Early electricity arrangements in Indonesia were probably  carried out pursuant to the 1890 Dutch Ordinance entitled the “Installation and Utilization of the Conductors for Electrical Lighting and Transferring Power via Electricity in Indonesia”.

This ordinance was annulled in 1985 with the introduction of Electricity Law No. 15/1985. The 1985 Electricity Law essentially commenced the modern era of electricity regulation in Indonesia. The 1985 Electricity Law provided for a centralized system with a state-owned electricity company, being PLN, holding exclusive powers over the transmission, distribution and sale of electricity. Private companies were however allowed to generate electricity.

In 2002, the Government enacted Electricity Law No. 20/2002 which was aimed at liberalizing the electricity  sector by allowing private investors to produce and sell power directly to customers in those areas disignated as competitve areas. However, in December 2004, the Indonesian Constitutional Court annulled the 2002 Electricity Law and re-enacted the 1985 Electricity Law. This was on the basis that the 2002 Electricity Law contravened Article 33 of the Indonesian Constitution. According to the Constitutional Court, electricity is a strategic commodity and its generation and distribution should remain under the exlusive control of the Government.

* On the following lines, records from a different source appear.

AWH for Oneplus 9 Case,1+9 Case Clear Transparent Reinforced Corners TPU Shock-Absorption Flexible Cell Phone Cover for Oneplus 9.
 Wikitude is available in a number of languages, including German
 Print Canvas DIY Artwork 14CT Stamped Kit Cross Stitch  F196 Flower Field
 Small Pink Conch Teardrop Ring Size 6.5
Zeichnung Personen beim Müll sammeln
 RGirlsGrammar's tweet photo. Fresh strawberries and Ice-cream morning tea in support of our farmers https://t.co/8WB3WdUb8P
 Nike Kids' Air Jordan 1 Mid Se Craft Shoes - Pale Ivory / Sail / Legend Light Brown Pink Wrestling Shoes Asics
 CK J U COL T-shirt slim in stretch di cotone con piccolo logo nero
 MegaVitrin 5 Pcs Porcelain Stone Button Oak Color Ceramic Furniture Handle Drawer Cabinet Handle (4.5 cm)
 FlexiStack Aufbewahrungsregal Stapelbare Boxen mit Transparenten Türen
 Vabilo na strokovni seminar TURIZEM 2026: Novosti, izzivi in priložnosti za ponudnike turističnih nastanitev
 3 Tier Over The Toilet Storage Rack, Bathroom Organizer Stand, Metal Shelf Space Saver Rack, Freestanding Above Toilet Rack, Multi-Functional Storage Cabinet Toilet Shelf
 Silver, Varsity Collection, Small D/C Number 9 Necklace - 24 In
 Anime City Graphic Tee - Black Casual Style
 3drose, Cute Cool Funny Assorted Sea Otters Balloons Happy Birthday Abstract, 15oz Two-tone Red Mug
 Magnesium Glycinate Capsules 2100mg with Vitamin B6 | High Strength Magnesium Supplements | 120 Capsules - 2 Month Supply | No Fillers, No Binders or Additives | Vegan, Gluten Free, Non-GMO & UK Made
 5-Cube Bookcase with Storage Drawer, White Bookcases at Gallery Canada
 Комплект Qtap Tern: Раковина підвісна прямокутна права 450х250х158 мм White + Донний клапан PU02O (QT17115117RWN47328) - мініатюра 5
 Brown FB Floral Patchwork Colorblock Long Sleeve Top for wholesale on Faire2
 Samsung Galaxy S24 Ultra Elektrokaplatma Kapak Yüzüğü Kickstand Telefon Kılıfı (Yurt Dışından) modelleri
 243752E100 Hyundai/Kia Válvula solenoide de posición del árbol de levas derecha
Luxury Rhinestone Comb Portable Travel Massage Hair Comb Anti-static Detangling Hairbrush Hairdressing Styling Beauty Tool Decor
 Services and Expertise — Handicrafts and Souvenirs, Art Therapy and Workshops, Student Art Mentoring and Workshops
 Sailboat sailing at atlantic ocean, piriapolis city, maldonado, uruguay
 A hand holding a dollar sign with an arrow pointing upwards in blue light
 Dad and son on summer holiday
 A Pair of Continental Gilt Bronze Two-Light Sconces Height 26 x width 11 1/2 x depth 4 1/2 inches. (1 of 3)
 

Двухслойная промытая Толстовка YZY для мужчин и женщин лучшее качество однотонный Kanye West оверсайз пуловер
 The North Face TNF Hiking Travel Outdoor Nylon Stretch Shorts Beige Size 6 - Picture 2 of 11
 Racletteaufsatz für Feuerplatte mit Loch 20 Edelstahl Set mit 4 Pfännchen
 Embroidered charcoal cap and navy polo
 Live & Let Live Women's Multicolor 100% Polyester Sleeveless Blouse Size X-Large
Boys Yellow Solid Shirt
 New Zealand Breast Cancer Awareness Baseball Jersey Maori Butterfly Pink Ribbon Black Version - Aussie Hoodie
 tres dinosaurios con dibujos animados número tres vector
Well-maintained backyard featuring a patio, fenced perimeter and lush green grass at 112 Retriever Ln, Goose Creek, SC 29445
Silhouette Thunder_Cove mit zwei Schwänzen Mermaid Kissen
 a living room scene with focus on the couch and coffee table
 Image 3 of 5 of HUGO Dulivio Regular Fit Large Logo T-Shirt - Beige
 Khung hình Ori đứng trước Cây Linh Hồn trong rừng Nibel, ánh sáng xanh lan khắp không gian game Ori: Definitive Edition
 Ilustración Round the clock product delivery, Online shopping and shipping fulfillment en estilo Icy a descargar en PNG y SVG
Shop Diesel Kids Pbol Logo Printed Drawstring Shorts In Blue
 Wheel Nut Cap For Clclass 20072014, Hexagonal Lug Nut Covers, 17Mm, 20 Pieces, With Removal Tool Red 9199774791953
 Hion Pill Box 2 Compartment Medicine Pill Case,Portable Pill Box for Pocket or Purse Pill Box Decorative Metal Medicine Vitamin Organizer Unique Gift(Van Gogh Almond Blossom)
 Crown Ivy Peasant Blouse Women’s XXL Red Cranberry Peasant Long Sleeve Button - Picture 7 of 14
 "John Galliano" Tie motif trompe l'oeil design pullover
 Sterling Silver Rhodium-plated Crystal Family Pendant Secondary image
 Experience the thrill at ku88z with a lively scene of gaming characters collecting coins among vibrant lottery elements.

The 1985 Electricity Law was implemented through Government Regulation (GR) No. 10/1989 on the provision and utilization of electricity as ammended by GR No. 3/2005 and GR No. 26/2006. Based on these regulations, IPPs were permitted to develop and supply power to Electric Power Business Licence holders which was essentially limited to PLN. This was also with the approval of the MoEMR, Governors and heads of the regions/districts. Electricity development by IPPs was also required to be in-line with the prevailing RUPTL and RUKN.

Other important legislation includes :

  1. President Regulation (PR) No. 67/2005 (since amended by PR No. 13/2010 and MoF Regulation No. 38/2006 which set rules and procedures for Public Private Participation (PPP) arrangements;
  2. PR No. 42/2005 with outlined the inter-ministerial Committee for the Acceleration Program (KKPPI) responsible for coordinating policy related to the private provision of infrastructure;
  3. MoEMR Reg No. 44/2006 which allowed direct tender for the first track programs (of coal-fired plants); PR No. 71/2006 which launched the first track program (FTP); PR No. 4/2010 which launched the second fast track program; and
  4. MoEMR Reg No. 1/2006 (and its revisions via MoEMR Reg. No 4/2007 on ‘electric power purchasing or rental transmission lines’ which covered the appointment of IPPs.

As indicated, the 2009 Electricity Law replaced the 1985 Electricity Law (with effect from 23 September 2009). However, the 2009 Electricity Law does not eliminate the main role of PLN in the electricity supply business (as PLN is given priority rights to conduct this business throughout Indonesia). The 2009 Electricity Law also provides a greated role to the regional authorities in terms of licensing and in determining electricity tariffs.